## Exercise details
Directions for the data below: repeat exactly the lines from the one with "3mm-6.35mm Die Grinder" through the one with "Space BrothersTV Anime", both included, and omit all pictures.

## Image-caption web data
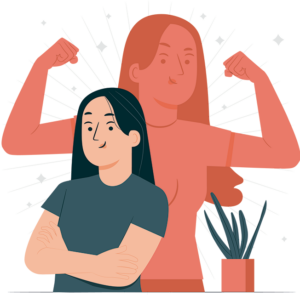 mulher com autoestima
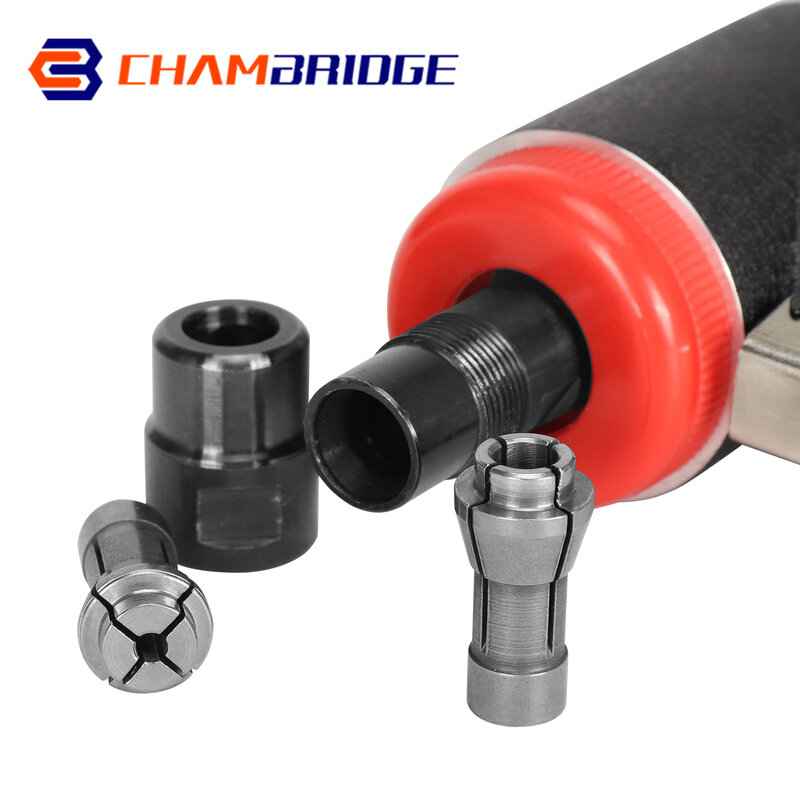 3mm-6.35mm Die Grinder Collet High Carbon Steel Engraving Machine Chuck Clamping Tool Abrasive Parts 1pcs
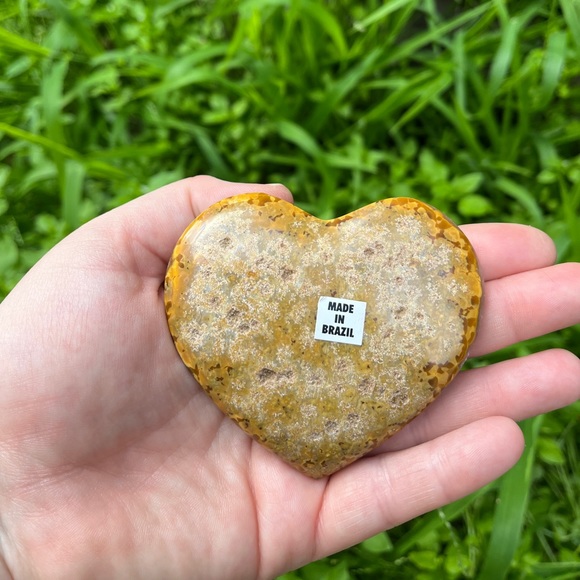 Heart Shaped Home Decoration Art Natural Agate Amethyst Brazil Druzy Quartz - Picture 6 of 10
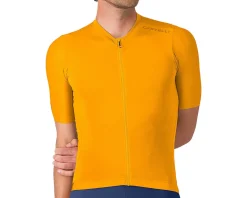 Castelli Jerseys|Summer Essentials|Espresso 2 Short Sleeve Jersey (Vivid Orange) (S)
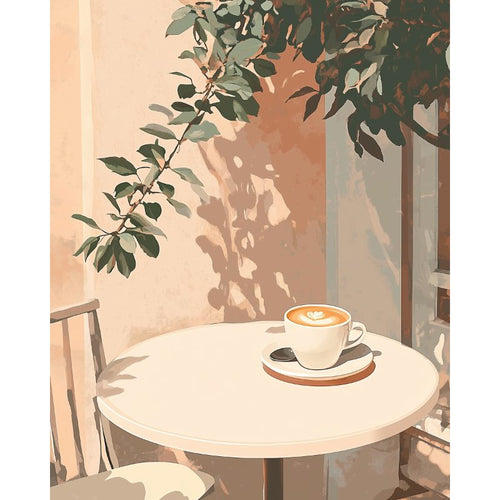 Malen nach Zahlen - Morgenkaffee | Vollendetes Kunstwerk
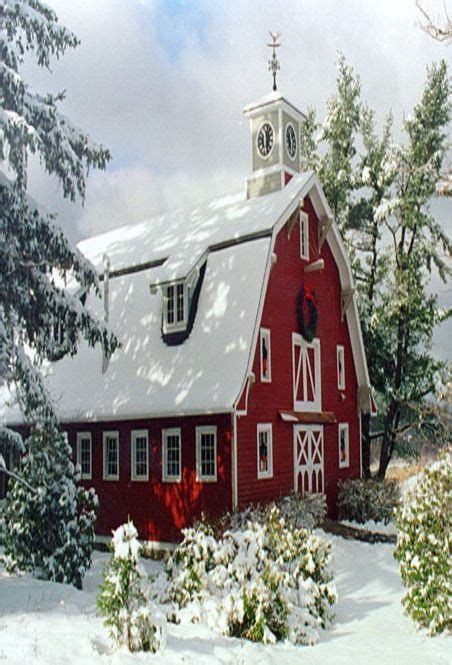 A wide variety of beautiful horse barns options are available to you, such as design style, local service location, and applicable industries. Red Barn & Snow ~ Ready for Christmas | The house I want ...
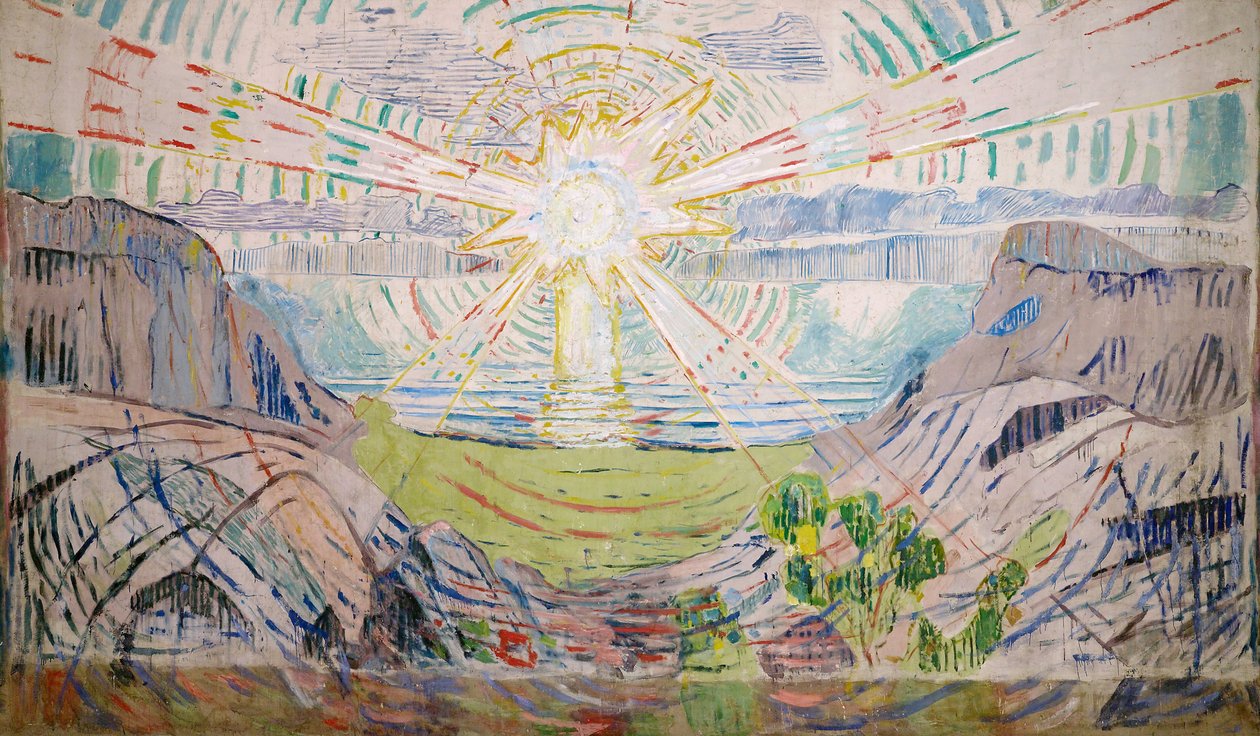The Sun av Edvard Munch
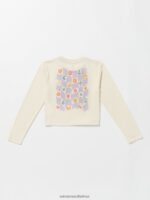 Z0ZR081325 Cloud Girls Pocket Dial Long Sleeve Tee Volcom Clothing - Image 6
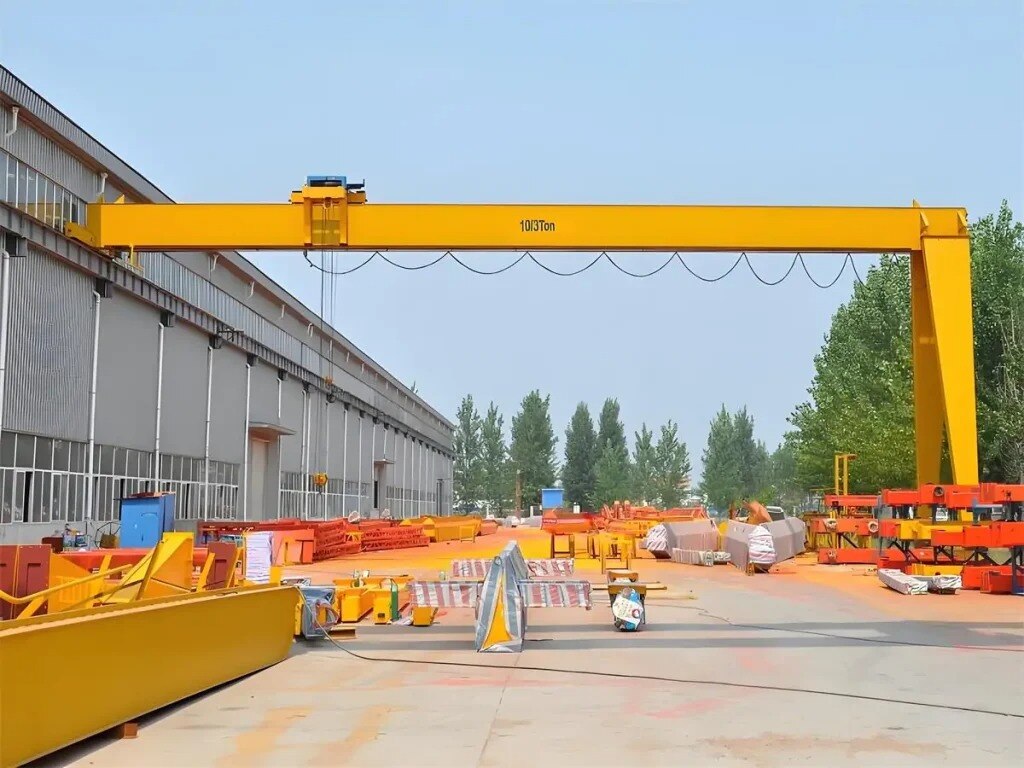 Single Girder Semi Gantry Cranes image 1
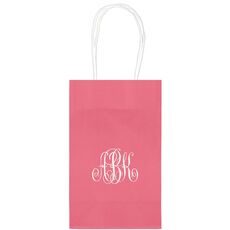 Large Interlocking Script Monogram Medium Twisted Handled Bags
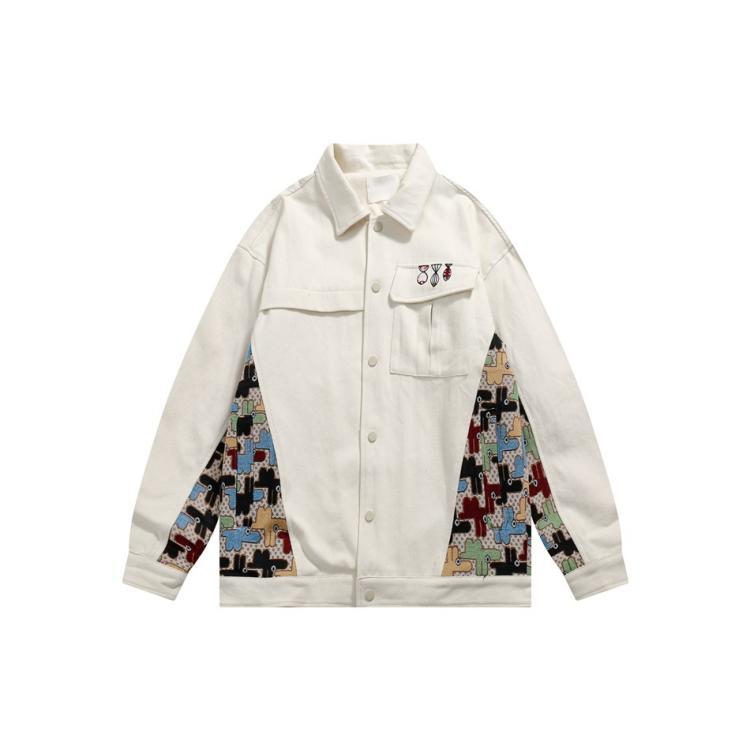 Throwback Style Collar Jacket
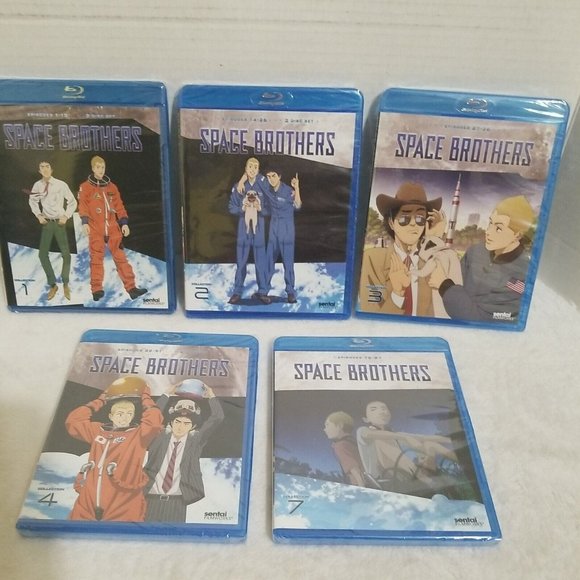 Space BrothersTV Anime Series BLU-RAY Volume 1 2 3 4 7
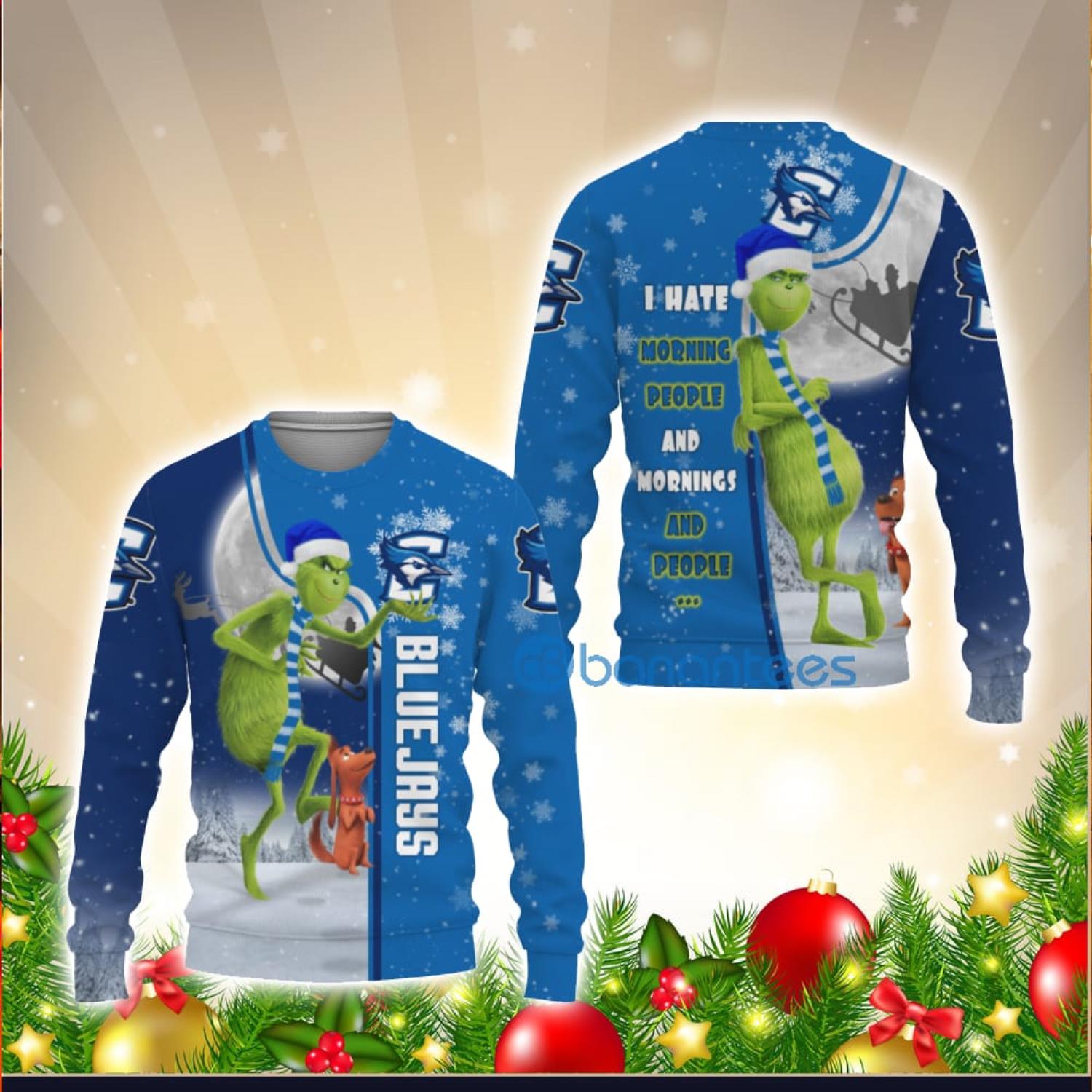 Toronto Blue Jays Basic Pattern Ugly Christmas Sweater - Banantees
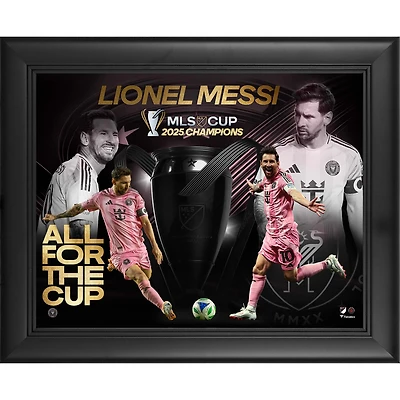 Lionel Messi Inter Miami CF Framed 13" x 16" 2025 MLS Cup Champions Collage
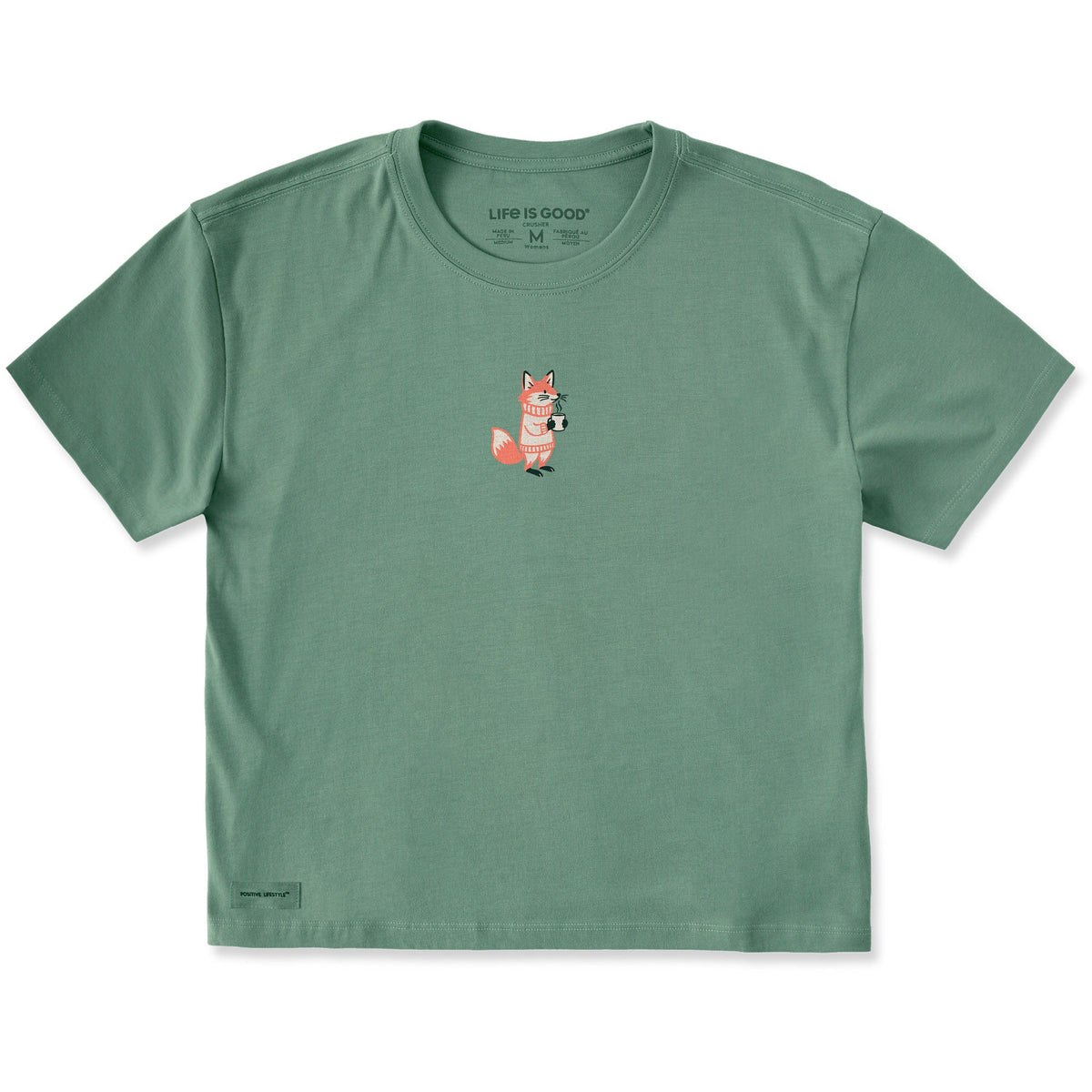 Women's Cozy Fox Short Sleeve Crusher Boxy Tee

## Output of the task
 3mm-6.35mm Die Grinder Collet High Carbon Steel Engraving Machine Chuck Clamping Tool Abrasive Parts 1pcs
 Heart Shaped Home Decoration Art Natural Agate Amethyst Brazil Druzy Quartz - Picture 6 of 10
 Castelli Jerseys|Summer Essentials|Espresso 2 Short Sleeve Jersey (Vivid Orange) (S)
 Malen nach Zahlen - Morgenkaffee | Vollendetes Kunstwerk
 A wide variety of beautiful horse barns options are available to you, such as design style, local service location, and applicable industries. Red Barn & Snow ~ Ready for Christmas | The house I want ...
The Sun av Edvard Munch
 Z0ZR081325 Cloud Girls Pocket Dial Long Sleeve Tee Volcom Clothing - Image 6
 Single Girder Semi Gantry Cranes image 1
 Large Interlocking Script Monogram Medium Twisted Handled Bags
 Throwback Style Collar Jacket
 Space BrothersTV Anime Series BLU-RAY Volume 1 2 3 4 7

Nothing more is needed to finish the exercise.